Leiber and Stoller also gave the Drifters first dibs on "Only in America", a song originally written about racism in the United States, with references to seats on the backs of buses and schools attempting to end racial segregation. The lyrics were heavily re-written to appease record label concerns about releasing a song with overt political views, and the Drifters recorded it, but ultimately decided not to allow the song to be released out of disappointment at its original message being altered. (Leiber and Stoller passed "Only in America" along to another group they were producing, Jay and the Americans, who had a hit with it, taking it to number 25.)

With this golden age lasting two years, personnel changes followed. Lover Patterson (the Drifters' road manager) got into an argument with George Treadwell. Since Patterson had King under contract, he refused to let him tour with the group. King was only able to record with the group for about a year. Johnny Lee Williams, who sang lead on "(If You Cry) True Love, True Love", the B-side of "Dance with Me", handled the vocals on tour along with Charlie Thomas. When the group passed through Williams's hometown of Mobile, Alabama, Williams left the group. Williams died on December 19, 2004, at the age of 64.
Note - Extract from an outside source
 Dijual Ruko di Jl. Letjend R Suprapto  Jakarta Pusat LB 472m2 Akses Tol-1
When King asked Treadwell for a raise and a share of royalties, a request that was not honored, he left and began a successful solo career. Williams left at the same time, and a new lead, Rudy Lewis (of The Clara Ward Singers), was hired. Lewis led the Drifters on hits such as "Some Kind of Wonderful", "Please Stay", "Up on the Roof" (which reached number five on the U.S. pop singles chart and number four on the U.S. R&B singles chart in 1963), and "On Broadway" (which reached number 9 on the U.S. pop singles chart and number seven on the U.S. R&B singles chart in 1963). Lewis was also named in the Rock and Roll Hall of Fame Drifters induction. Ben E. King died on April 30, 2015, at the age of 76.

Hobbs was drafted for military service and replaced by the returning Tommy Evans (from the first group). Green left in 1962 and was replaced by Eugene Pearson (of The Rivileers and the Cleftones). Evans left again in 1963 and was replaced by Johnny Terry, who had been an original member of James Brown's singing group the Famous Flames (and was co-writer of their first hit, "Please, Please, Please"). After his military service and a failed solo career, Johnny Moore returned in 1964, making the group a quintet of Moore, Thomas, Lewis, Pearson, and Terry.
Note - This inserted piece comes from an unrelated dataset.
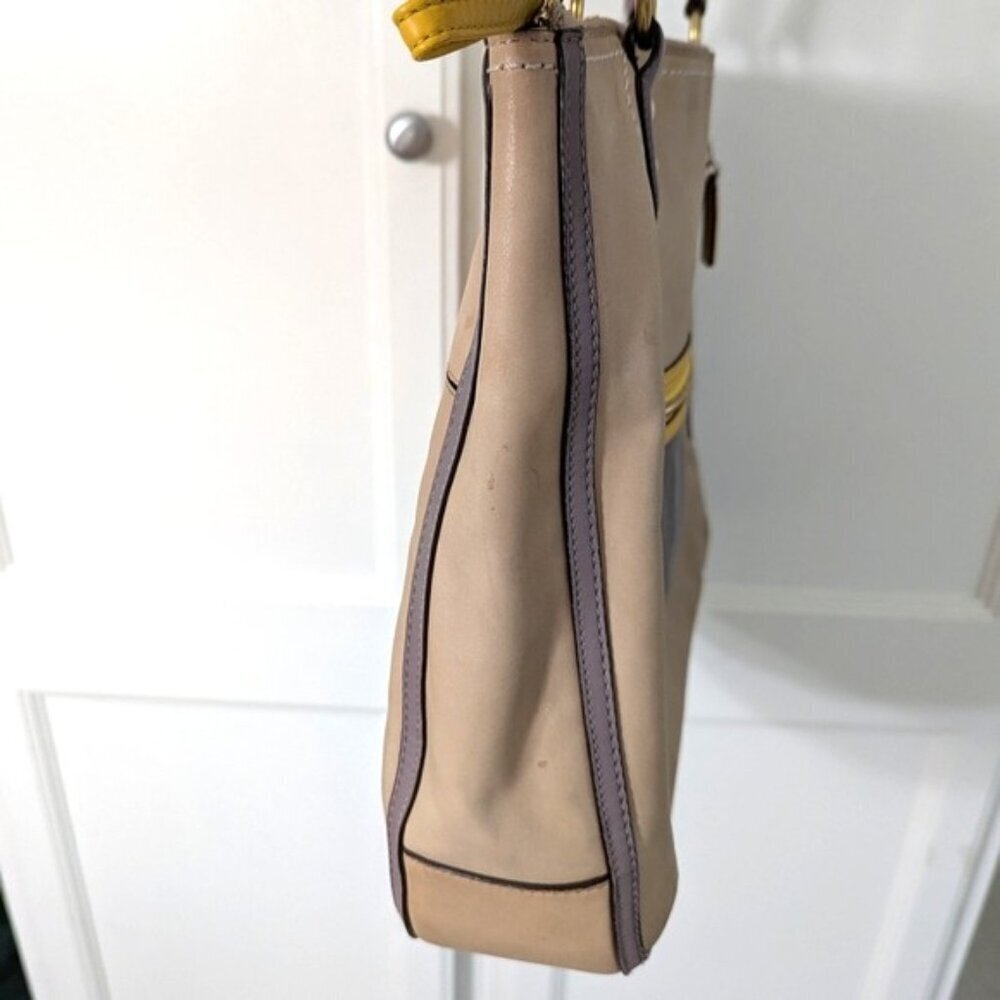 Coach Poppy Halie Cappuccino/Oyster Glam Shoulder Tote Bag - Picture 6 of 16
Later that year, the group was scheduled to record "Under the Boardwalk" on May 21, but Rudy Lewis died on the night before the session, and Johnny Moore took over as the sole lead (Lewis and he had been alternating). "Under the Boardwalk" was a top 10 hit in the US, but the pace of the Drifters' chart career slowed after this, with "Saturday Night At The Movies" being the group's last US top 40 hit in 1964. The Drifters released several minor hits between 1964 and 1967 that made the US top 100, but didn't break through beyond that. By mid-1968, their singles were not charting at all, anywhere—and they would never have any kind of pop hit in the US again.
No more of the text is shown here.